I'm just glad that WF isn't thin skinned, that way he won't be scared off and he will return with more input from his learning experience. That is what this whole site is supposed to be about right, sharing and learning from each other. At least he isn't one of these guys who comes around saying he just bought a 75 Catalina 22 and he plans to do the Notrthwest Passage next week. The guy did some research, purchaced a good boat that was within his means, and has a plan to learn before doing anything big. It's no wonder there isn't more diversity around here with all the haters scaring away everyone new that happens to have the balls to pipe up with something you don't agree with. You have alot of experience haters? Great, then share it with WF in a constructive fashion. Otherwise you just come off sounding like a *****, not like an experienced sailor with some good info to share and help guide his way. You can have all the experience in the world, but if you come off like an asswipe then you will greatly narrow your audience.


----------



## TSOJOURNER (Dec 16, 1999)

I have been and still am encouraging WF but with caution, which he seems to already be exercising. As far as opinions go, I have plenty of my own and I share them with (what I think are) honest disclaimers about my lack of long term or blue water experience. Much of what I know comes from research and I sometimes sense the same resentment toward my opinions that some posts expressed toward WF's. The problem with research is knowing the good from the bad. Well worn books I get at the library I tend to put a fair amount of faith in; posts on Internet forums that seem somewhat antagonistic I don't put nearly as much stock in. Anyway, if you really want to help those of us with less experience, please don't criticize us for having formed opinions already. That's just human nature and you probably had opinions early also. Just help us mold those opinions by offering up things to consider. When I am wrong (and it happens), telling me I am full of crap really doesn't help much.


----------



## TSOJOURNER (Dec 16, 1999)

"Sailing around the world" isn't a single act. In order to do it, WF will have to undergo innumerable smaller adventures, all of which he will learn from. The first trip down the coast, the first bay or island crossing. So I figure he (and anyone in his shoes) will learn what he doesnt't know soon enough, and either make the necessary investments in time and effort, or stop. If he is lucky, he will learn important lessons before he has a catastrophe, which will lengthen the trip. If not, he may be held up or even stopped early in the game. In any case, I wish him luck. Humility is a virtue in any case.


----------



## JohnRPollard (Mar 26, 2007)

WF,

In case there was any doubt, my earlier comments were intended as encouraging (your reply suggested you might not have taken them that way). Sorry I missed your sailing resume -- it's a long thread and sometimes the details get fuzzy amoungst all the subsequent posts -- but I stand by the suggestion to schedule in some sailing time as crew during the re-fit. 

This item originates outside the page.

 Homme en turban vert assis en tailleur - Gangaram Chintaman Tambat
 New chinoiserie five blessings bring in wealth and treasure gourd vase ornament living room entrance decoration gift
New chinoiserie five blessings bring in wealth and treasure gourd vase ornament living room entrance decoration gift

As for the re-fit, from what I can tell you chose a good ol' boat, and you seem to have the wherewithal and circumstances to bring your dream to fruition. Keep us posted on the projects (before and after photos would be nice). Try to keep a good photo journal as you go along -- your project would make a great "refit" article that you could later write-up and publish during your voyage. You can always come up with the prose later, but if you don't have the "before" photos and some "step-by-steps" they'll be hard to replicate. Just a suggestion. Enjoy the journey!


----------



## sailingdog (Mar 19, 2006)

*If he is going about it the right way... he'll work his way up to it.* However Girard, the French rower didn't do that prior to his Trans-Atlantic failure... I don't believe Ken Barnes did it either.... The ones advocating caution aren't that far off base. Hubris leads to downfall. They're just trying to prevent WF from becoming a statistic.



Bardo said:


> "Sailing around the world" isn't a single act. In order to do it, WF will have to undergo innumerable smaller adventures, all of which he will learn from. The first trip down the coast, the first bay or island crossing. So I figure he (and anyone in his shoes) will learn what he doesnt't know soon enough, and either make the necessary investments in time and effort, or stop. If he is lucky, he will learn important lessons before he has a catastrophe, which will lengthen the trip. If not, he may be held up or even stopped early in the game. In any case, I wish him luck. Humility is a virtue in any case.


----------



## ReverendMike (Aug 1, 2006)

Sapperwhite said:


> WF-
> Congrats on the purchase. Good luck refitting and learning. Thanks for sharing, I'm pulling for you.
> 
> Haters-
> ...


Perfect!

I can't help but be convinced that if the OP had split that first post into 8-12 different ones and spread them out over the course of a couple months, the 'senior members' would be falling all over themselves to congratulate him on his 'intelligence' and 'right-mindedness'. You guys are a hoot! Some of you bash newbies for asking the same old questions and here's a guy who did the equivalent of looking up the old threads and not bothering those of us who like to concentrate on the 'song chain'. This guy deserved better. It's a shame no-one noticed this line from his first post: *"the boat also had to be in good enough shape to sail right away so that I could sail for about a year before I started upgrading"*.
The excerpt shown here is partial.